Action item ::
Print only what runs from the line that includes "Hannah Prestegård standing in a black dress" to the end of the listing, word for word, and do not include any pictures.

═══

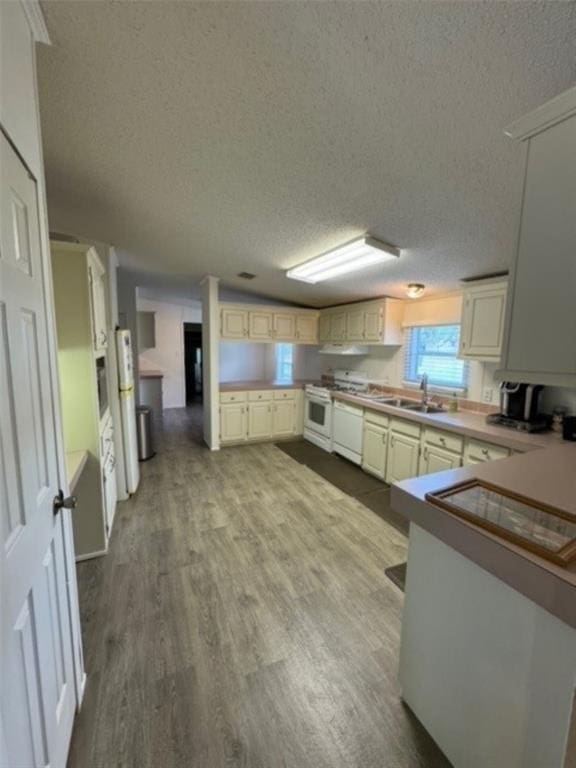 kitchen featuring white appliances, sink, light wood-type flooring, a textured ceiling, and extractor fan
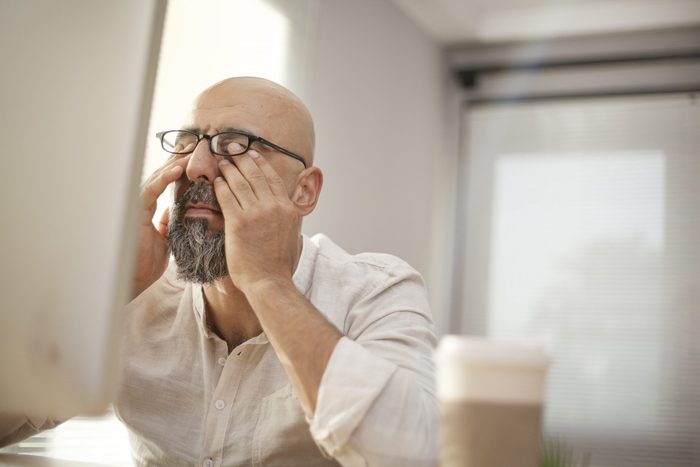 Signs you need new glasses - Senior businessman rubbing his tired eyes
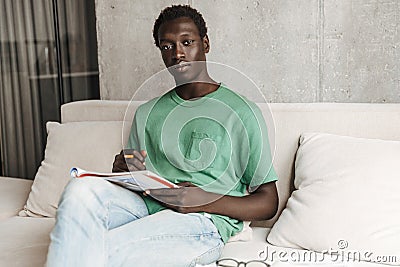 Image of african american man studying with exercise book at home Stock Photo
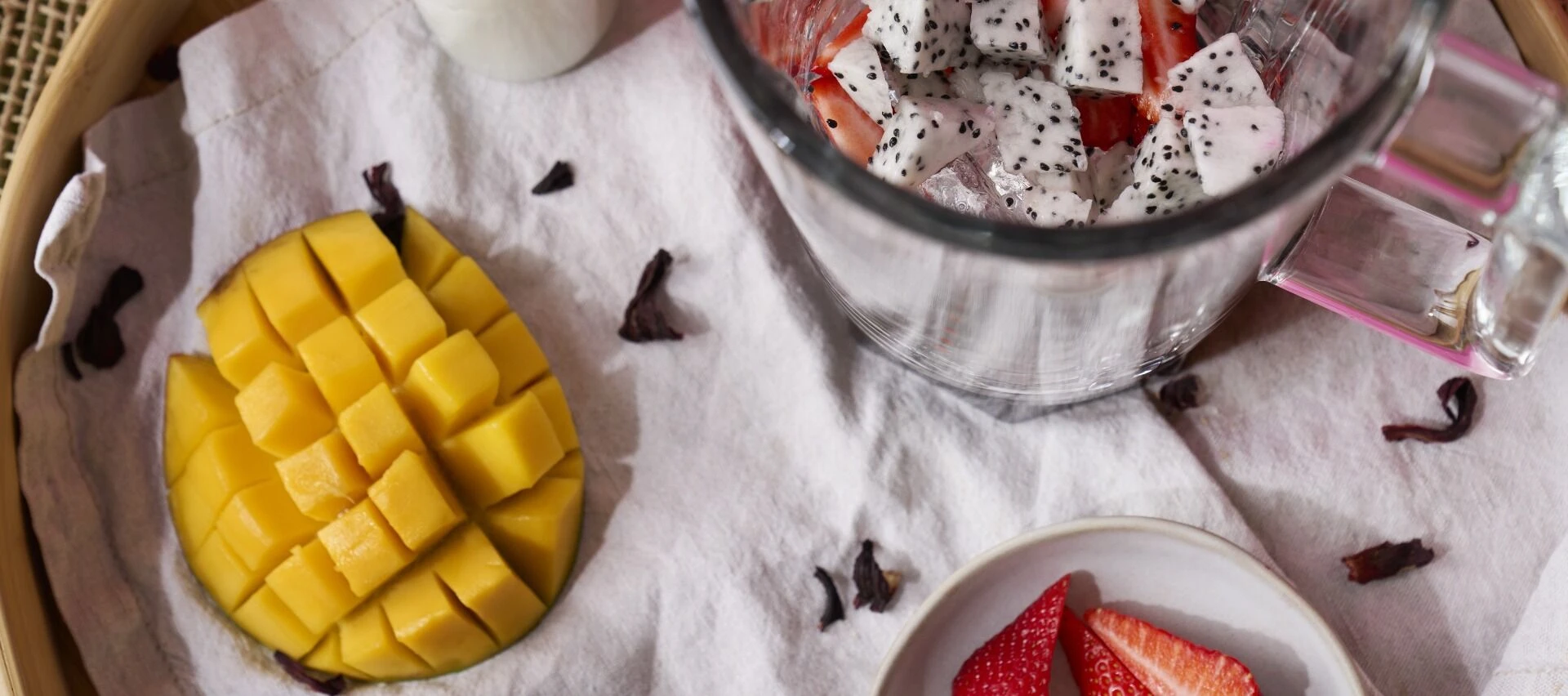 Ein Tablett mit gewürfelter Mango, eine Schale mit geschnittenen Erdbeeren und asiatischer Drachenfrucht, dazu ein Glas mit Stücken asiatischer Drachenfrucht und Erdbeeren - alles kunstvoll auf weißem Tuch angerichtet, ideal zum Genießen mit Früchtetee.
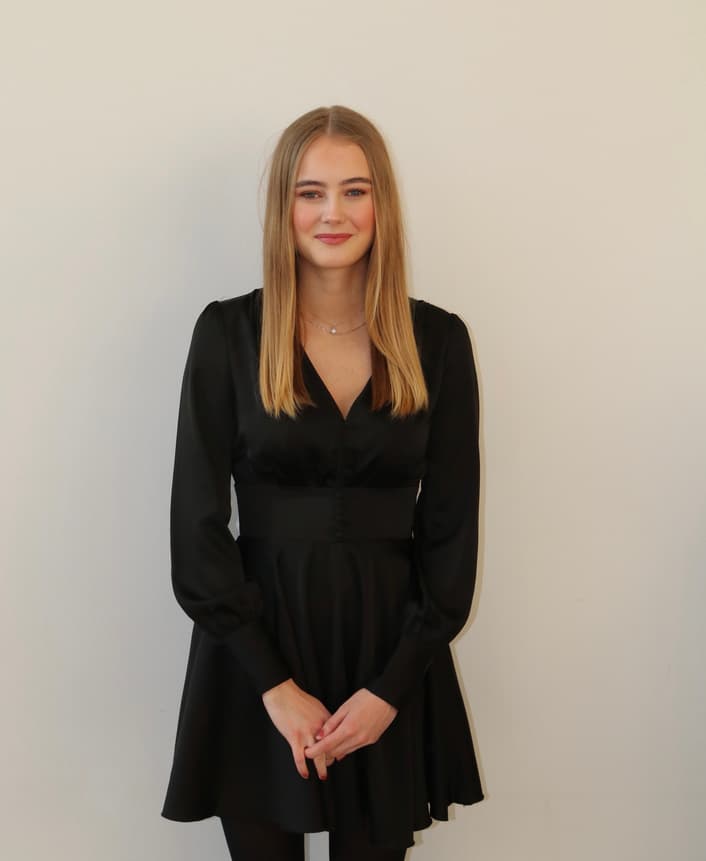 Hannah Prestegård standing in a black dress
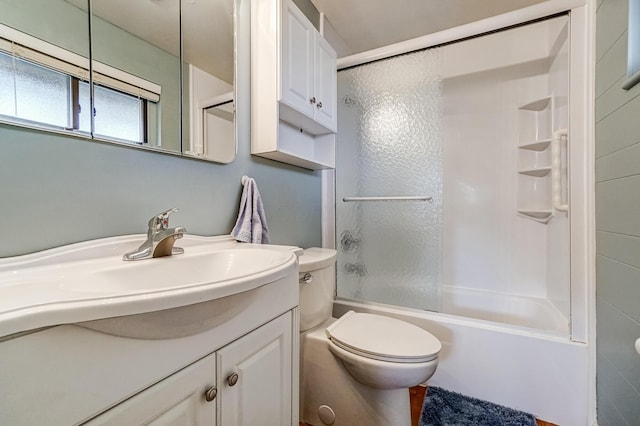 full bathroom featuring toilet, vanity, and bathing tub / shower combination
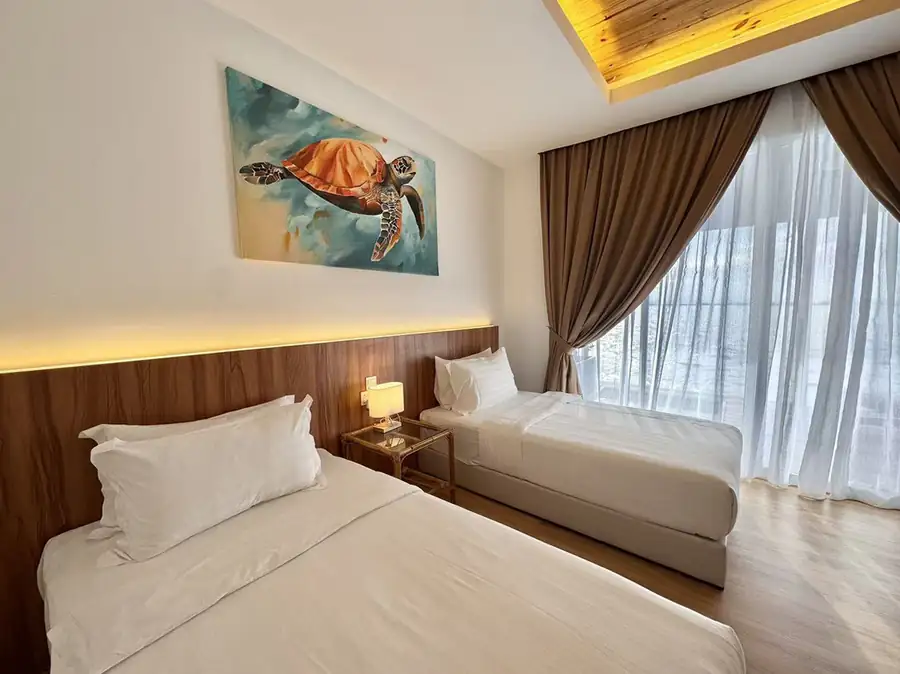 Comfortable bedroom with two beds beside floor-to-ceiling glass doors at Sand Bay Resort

═══

Exercise result ::
 Hannah Prestegård standing in a black dress
 full bathroom featuring toilet, vanity, and bathing tub / shower combination
 Comfortable bedroom with two beds beside floor-to-ceiling glass doors at Sand Bay Resort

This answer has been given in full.